There are two ways for governments to provide criminal representation to the poor: The first is a public defender or legal aid system. The state establishes an office designed to provide services, either on a contract basis or as an arm of the government itself. The other way, sometimes used exclusively and sometimes in combination with a public defender, is to pay individual lawyers to take particular court-appointed cases. These lawyers bill the government by the hour for their services. In Massachusetts, these lawyers are known as the private counsel division of the committee for public counsel services, and they represent about 80 percent of the state's indigent-criminal defendants.

Assigned-counsel plans exist in almost every state. In Massachusetts, panel lawyers make up the bulk of the criminal caseload. States like assigned-counsel systems: They are cheap and easy to administer. In states that allow judges to assign cases to specific lawyers, this dependence on judicial handouts regularly leads to a disturbingly felicitous you-scratch-my-back-I'll-scratch-yours kind of collegiality. And an hourly billing system creates incentives for lawyers to load up on cases, plead out as many as possible as quickly as possible, submit a bill, and call it a day.

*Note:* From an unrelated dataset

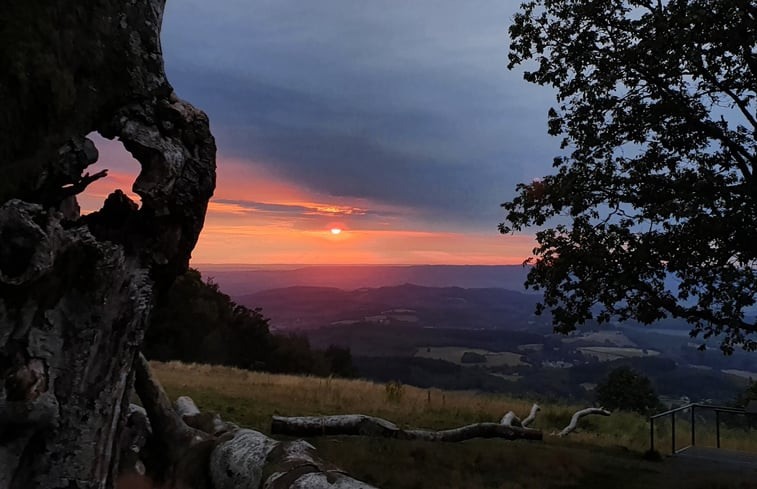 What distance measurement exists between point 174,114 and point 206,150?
1.50 feet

In the rarefied world of the legal profession, public defenders are pathetic fiscal underachievers. Many of those who do this grueling day-to-day work do so for nonmonetary reasons. This is convenient, since in the parallel world of political decision-making, few causes are less likely to win funding battles than increasing the money funneled to lawyers representing indigent criminal defendants. The confluence of these two factors yields systems like the one in Massachusetts-in which the rates paid to lawyers representing poor people charged with crimes hasn't changed much in the last 20 years.

A few months ago, frustrated with the low pay, about 50 lawyers (most in Hampden County), decided they could no longer afford to take on new assigned-counsel cases. This sort of thing has increasingly happened around the country. Earlier this year, after a lawsuit and much political wrangling, the state of New York raised rates paid to lawyers on the assigned-counsel plan from $30 an hour to $75. Virginia and North Dakota have also debated assigned-counsel rates this year. In Massachusetts, the issue came to a head on July 28 when the Supreme Judicial Court issued a ruling ordering the release of criminal defendants who did not get a lawyer within seven days and dismissal of charges against any defendants left without counsel for 45 days. Nothing gets a legislature's attention like the imminent release of a bunch of alleged criminals.

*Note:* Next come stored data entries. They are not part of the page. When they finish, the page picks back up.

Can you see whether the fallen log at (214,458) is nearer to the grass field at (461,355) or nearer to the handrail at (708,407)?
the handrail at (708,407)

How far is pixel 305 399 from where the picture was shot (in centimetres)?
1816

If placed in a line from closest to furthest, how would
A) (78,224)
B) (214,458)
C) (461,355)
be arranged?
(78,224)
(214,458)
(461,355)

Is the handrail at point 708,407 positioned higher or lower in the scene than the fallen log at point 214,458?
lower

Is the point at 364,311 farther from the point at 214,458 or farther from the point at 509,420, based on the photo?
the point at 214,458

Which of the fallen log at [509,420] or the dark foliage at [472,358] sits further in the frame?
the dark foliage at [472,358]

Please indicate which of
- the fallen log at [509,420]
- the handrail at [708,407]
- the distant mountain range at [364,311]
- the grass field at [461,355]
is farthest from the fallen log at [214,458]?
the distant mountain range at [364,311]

The legislature quickly passed a token rate increase of $7.50 an hour, which didn't appease lawyers much. Republican Gov. Mitt Romney then rolled out the big guns, asking the legislature to let him take control of the assigned-counsel system-a move that would give him greater authority over individual lawyers as well as greater flexibility in shifting cases from one system to another. The governor also threatened to force lawyers to either accept a lifelong ban on assigned-counsel work or accept new cases at the current rates; neither a particularly new nor a particularly smart tactic. Fearing additional releases, The Supreme Judicial Court issued an order giving lower courts greater flexibility to draft lawyers to represent poor people.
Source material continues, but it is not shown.